For the second, in addition to some great conversations I get to have with our other members, I am also a member of the Joint Operating Committee (or “board”) of the Eastern Center for Arts and Technology, our local area Career and Technical Center in Willow Grove, where I get the chance to talk to members of other area boards.  Eastern is an incredible school made largely possible by the work of the current leadership, including my predecessor on the Board (who was then President of their JOC).  Eastern’s focus on strategic planning is nothing short of remarkable and it shows in their performance and that of their students.  (I’m sure I’ll have many more praises for Eastern over time.)  The chance to talk to the other members has already been educational and energizing, so I know this will be a valuable resource in the future.

In addition to their training courses and materials, PSBA offers board members a large set of online discussion boards to share news and ideas, as well.  Their boards are not too old and participation is building amongst the “online community”, but the opportunity for sharing good ideas is quite large and I look forward to being a part.

Finally, yes, there is the news media.  My professional experience has not given me a great love for this resource.  I have come to place news reports along a continuum of credibility ranging from direct, open, and non-hostile, non-political source reporting (this is rare, since nearly everyone is selling something) to pure investigative reporting where there are little more than a few events (not always facts) being “interpreted” by the reporter (this is fairly rare, too, amongst any source with some longevity).  I firmly believe in a free press and see items on both ends of the spectrum; nevertheless, I pretty much read everything I can find or have sent to me as a way to maintain a pulse of the zeitgeist.  Because I use news reports as part of my ongoing educational process, I will be sharing items I believe are relevant to others in understanding the complexities of the board position and I hope you will share, too.

For reference, I read all of the District’s public email and am pleased by the increasing efforts of our administration to make more information available to the community.  Anyone can sign up from the District homepageCheltenham Township has also created its own list, so get that one, too.  Our school libraries also do an incredible job communicating.  Since they have provided me with some incredible knowledge over the years, I want to make a special push for their website and communications.  Libraries aren’t just for books, they’re for learning!
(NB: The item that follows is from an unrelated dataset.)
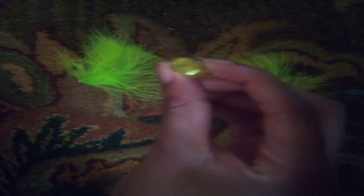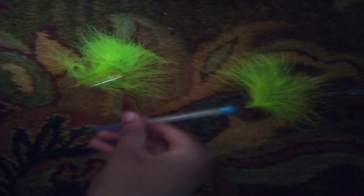Hi guys, welcome back to my YouTube channel! Today I'm going to be teaching you how to make a fluffy pen. The tools you are going to need are two feathers, a pen cap that has a hole on the top of it like this, and a pen.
PS: Yes, knowledge can be power and it often costs money, but information about education and leading good schools is surprisingly easy to find.  Because of the Sunshine Laws (and just good practice, for goodness sakes), there is nothing secret about meaningful deliberation on issues, so knowledge can be shared between districts and leaders quite easily.  Research on legislative measures, leadership issues at the various levels, and educational issues at all age and ability levels is quite easy to find in this digital age

If there is power, it is in having the experience needed to lead organizations and communities through tough situations with sound strategies and good communications.  The money, as I have seen it thus far, is in the implementation of research in ways that help our schools to be effective through the training and development of good teachers, the provisioning of our schools and learning facilities, and in the tools and practices of our administrations and boards.  The rest we can, and should, share.  After all, we are a nation built on education.  We must practice what we preach.